20.04.95. J’envoie mon deuxième ouvrage "Histoire de Bibracte, l’épée flamboyante" au président de la République, François Mitterrand , qui me remerciera (j’ignore si on lui a remis le premier que je lui avais adressé par la voie hiérarchique. C’est pourquoi j’envoie celui-ci directement à son adresse personnelle).
 
15.05.95. Le président de la République accorde au Monde une interview (édition du 29 août), dans laquelle il met en exergue l’importance de l’Histoire, véritable culture de l’homme politique, mais il rejette sur l’historien la responsabilité de l’interprétation.
 
Voilà ! Je n’ai fait ici qu’un très très bref résumé de l’affaire. Vouloir tout dire ne tiendrait, ni dans un simple article, ni même dans un livre. Jusqu’à son dernier jour, mon épouse sera mon principal soutien, ma collaboratrice dévouée et irremplaçable.
 
Quels sont les principaux responsables de l’erreur de localisation, selon moi, de Bibracte ? Responsables surtout d’avoir égaré un président de la République sur un site qui n’est pas le bon. C’est tout de même quelque chose de particulièrement grave.
 
Je vois deux responsables. Le premier est M. Christian Goudineau, professeur au Collège de France, titulaire de la chaire des Antiquités Nationales. Il n’ignore pas ma contestation. Dans ses nombreux ouvrages et articles, il ne cesse de fustiger l’historien amateur. Il ne me nomme pas mais c’est tout comme. Le deuxième grand responsable est M. Michel Clément, l’actuel directeur du service du patrimoine sous la coupe duquel se trouve la sous-direction de l’archéologie.
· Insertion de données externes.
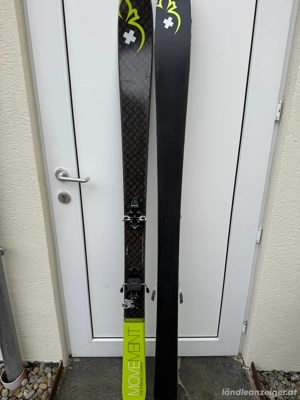 Schitouren Ski  Bild 2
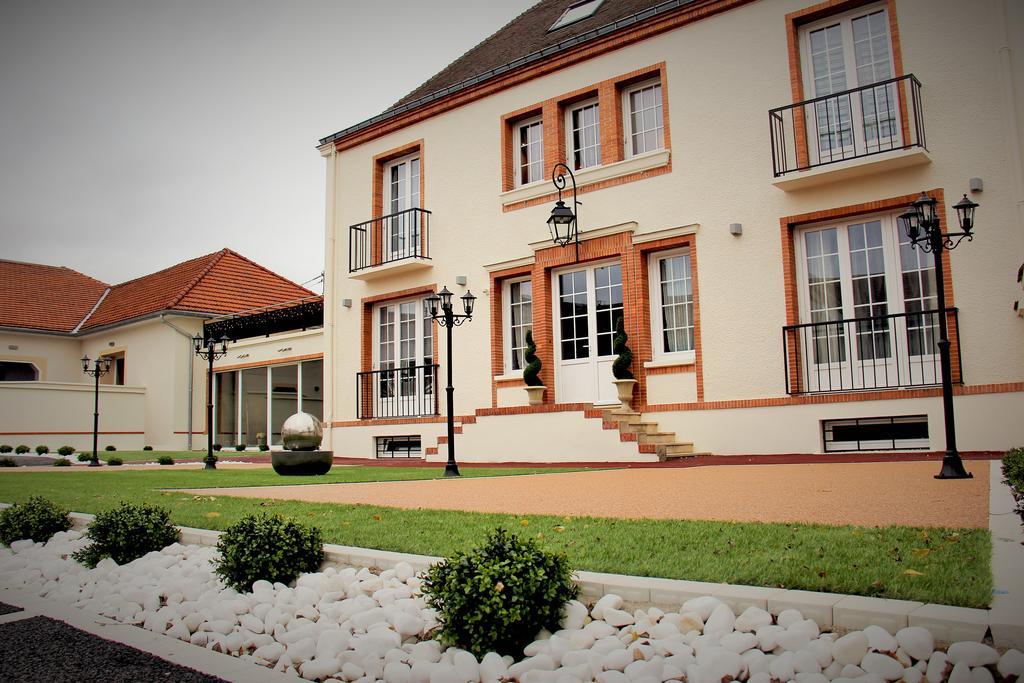 Villa Louis Victor Dizy Eksteriør bilde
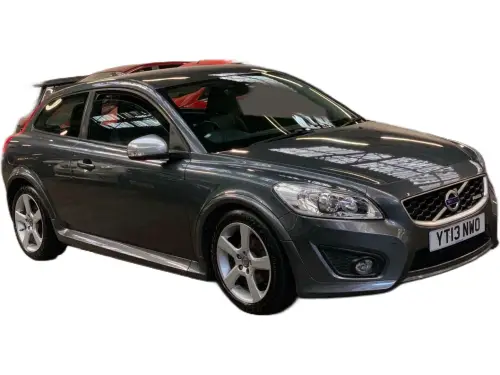 Volvo C30 R-Design Lux D2 YT13 NWO
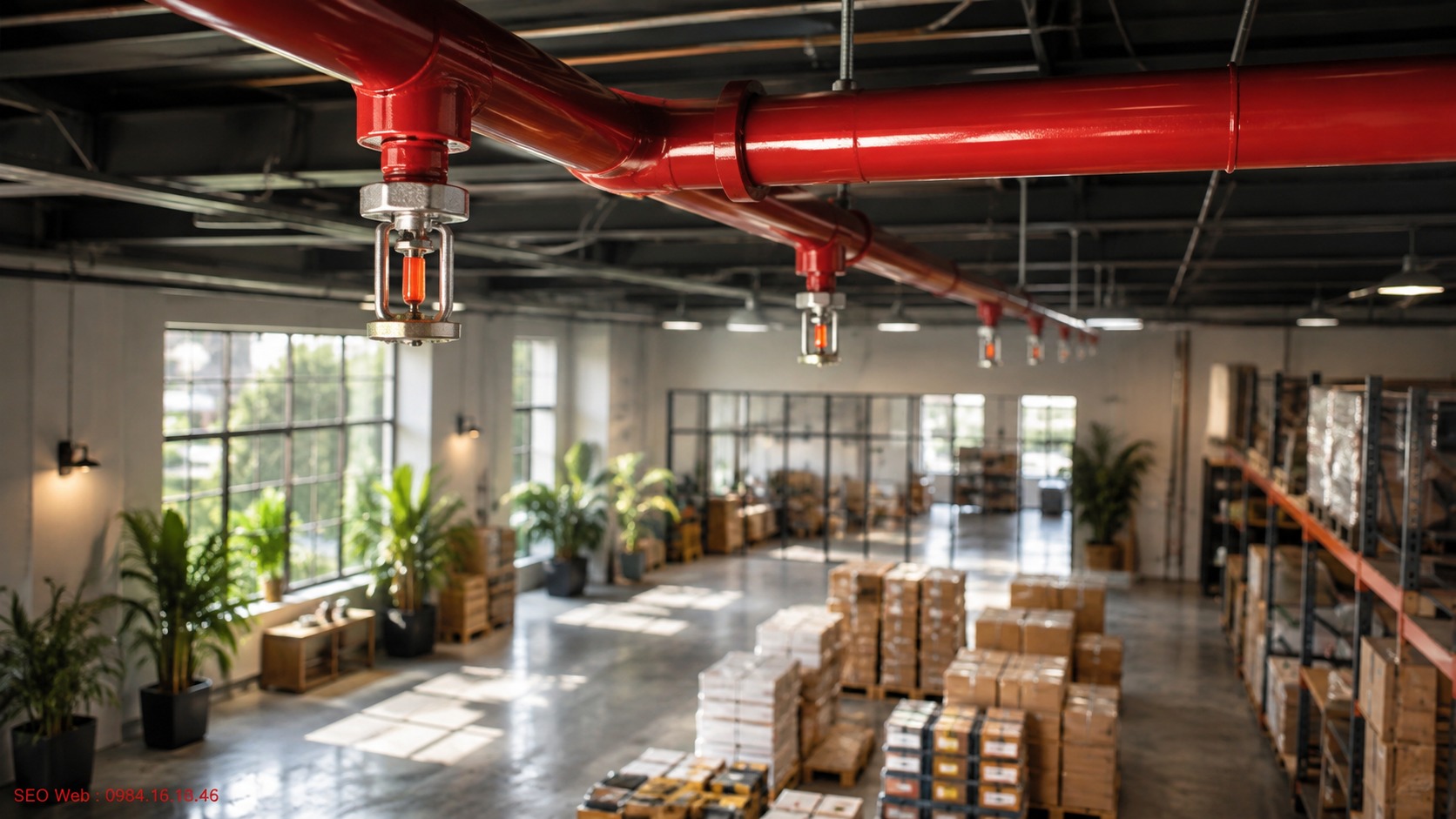 Khác biệt tốc độ kích hoạt giữa các loại đầu phun So sánh tốc độ phản ứng của các loại đầu phun Sprinkler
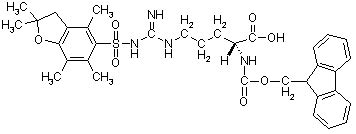 Fmoc L Arg Pbf 154445 77 9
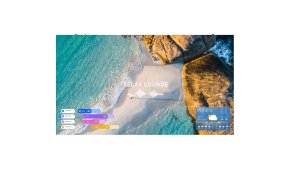 LMEA012BANH極致纖薄Micro LED產品圖片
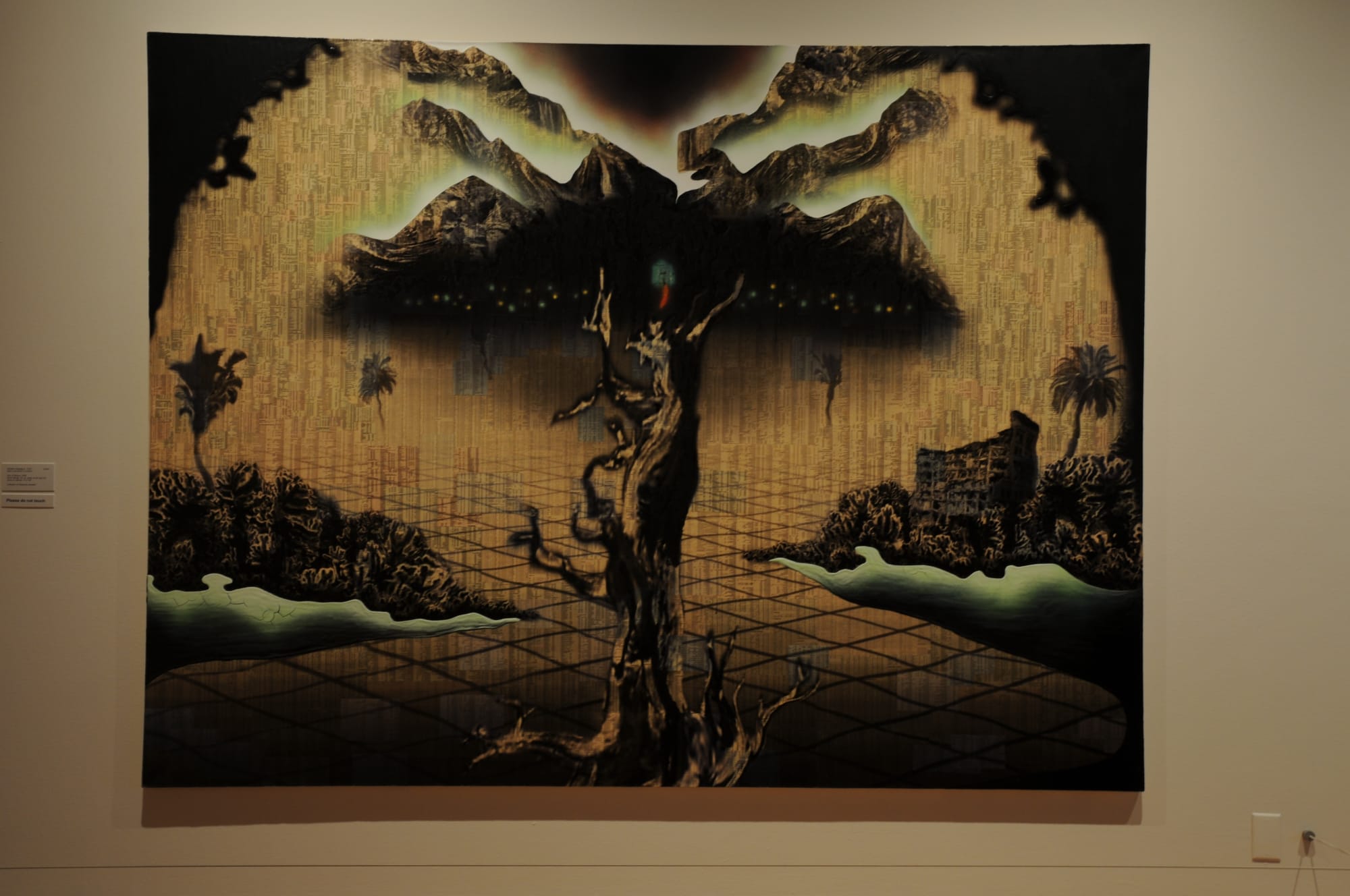 Altered States: Paintings by Gordon Cheung from the Stéphane Janssen Collection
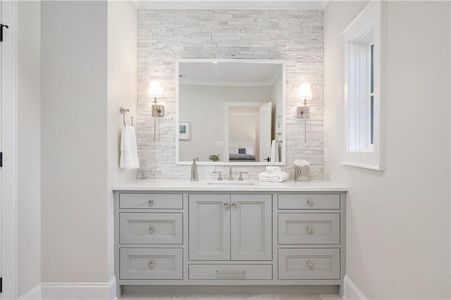 New construction Single-Family house 10310 Magnolia Meadow Ct, Milton, GA 30004 - image 3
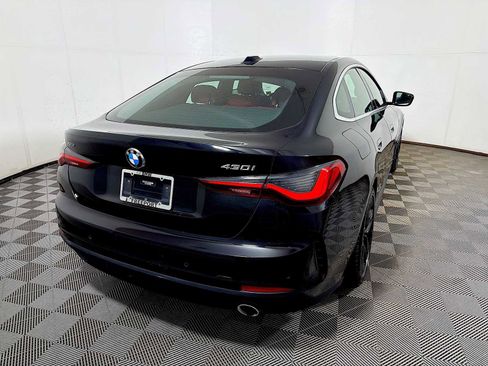 Certified 2024 BMW 430i Gran Coupe xDrive w/ Convenience Package AWD/4WD image 6
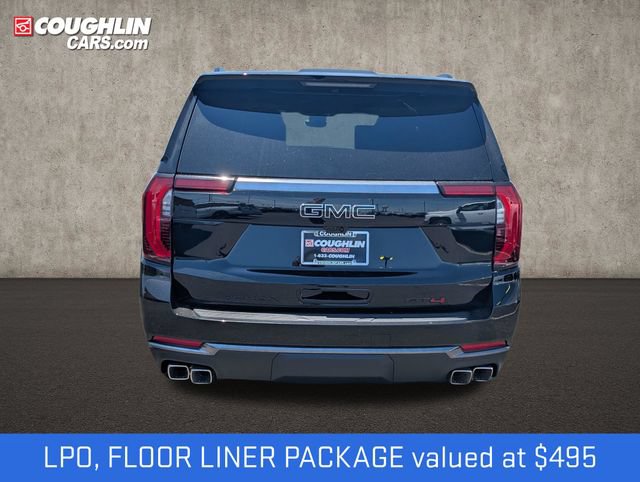 New 2026 GMC Yukon XL AT4 w/ AT4 Premium Plus Package AWD/4WD image 7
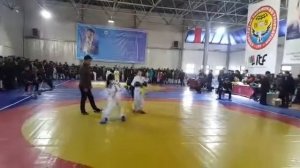 Sport club akylbekov Taekwon-do itf kg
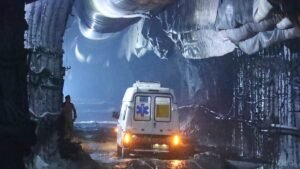 Blast in a tunnel at Indian hydropower project leaves 12 dead and 13 missing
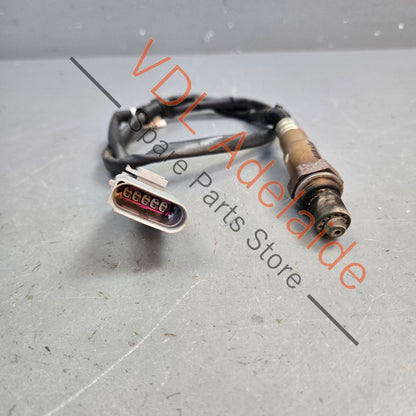 06K906262CS    VW Golf 7 R Lambda Probe Oxygen Sensor Downstream After Cat 06K906262CS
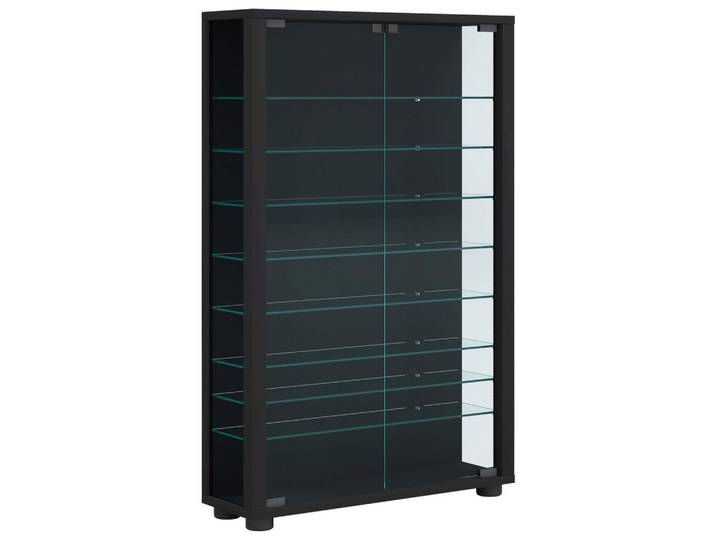 VITRINE Lumo Mini Schwarz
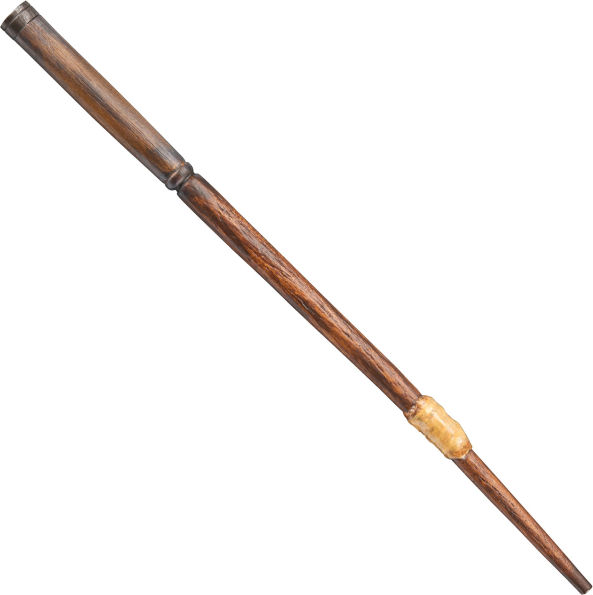 Ron's First Wand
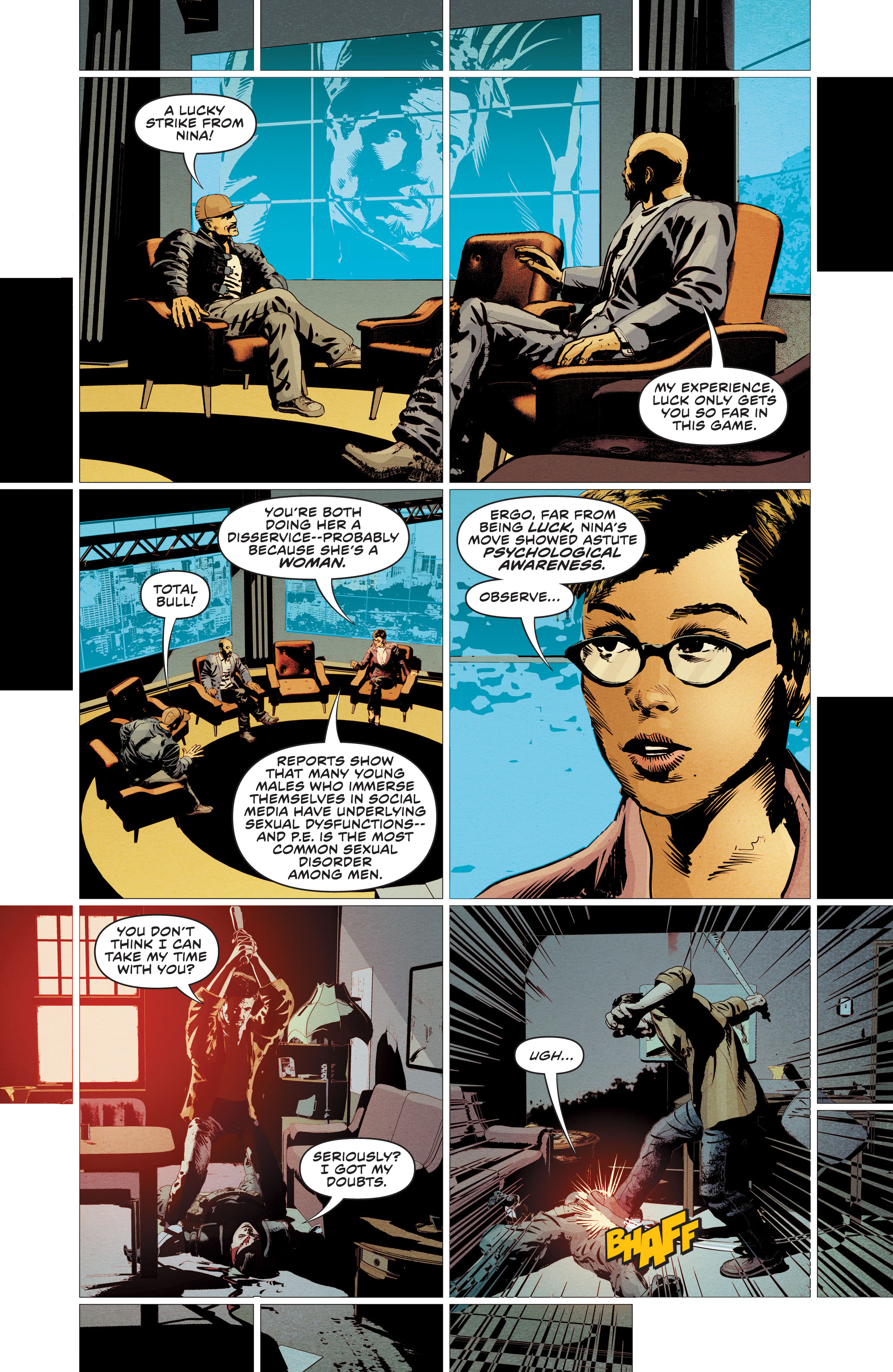 Read online Absolution (2022) comic -  Issue #5 - 4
M. Michel Clément était directeur de la direction régionale des affaires culturelles en Bourgogne en même temps que M. Goudineau était président du conseil scientifique du mont Beuvray, et cela, au moment où l’opération mont Beuvray montait en puissance. Comment se fait-il que ces hauts responsables n’aient fait appel nommément, ni à des traducteurs qualifiés pour revisiter le texte de César, ni à des militaires compétents pour retrouver le champ de bataille des Helvètes, puisque c’est à partir de ce champ de bataille qu’on peut déterminer la position de Bibracte en tenant compte des distances que donne César ? http://www.bibracte.com/articles_multipage/piece_jointe_1.html
 
Comment se fait-il qu’ils n’aient pas hésité un seul instant, qu’ils n’aient pas été traversé par le moindre doute alors que déjà, sous Napoléon III, des latinistes confirmés avaient prouvé en citant les textes antiques qu’il était impossible que Bibracte se trouve au mont Beuvray (Bibracte et le mont Beuvray par C. Rossigneux) ? Comment se fait-il que ces hauts responsables, malgré tous mes courriers, n’aient pas reconsidéré leur position, entrainant à leur suite les meilleures spécialistes du monde celtique, diffusant dans le monde entier ce qu’il faudra bien reconnaitre un jour comme une erreur de localisation ?
 
En 2003, à ma demande, M. Perben, ministre, est intervenu auprès de M. Aillagon, ministre de la Culture, lequel a demandé à M. Michel Clément d’étudier avec la plus grande attention le problème de la localisation de nos anciennes capitales gauloises. A ce jour, à ma connaissance, M. Michel Clément n’a toujours pas répondu.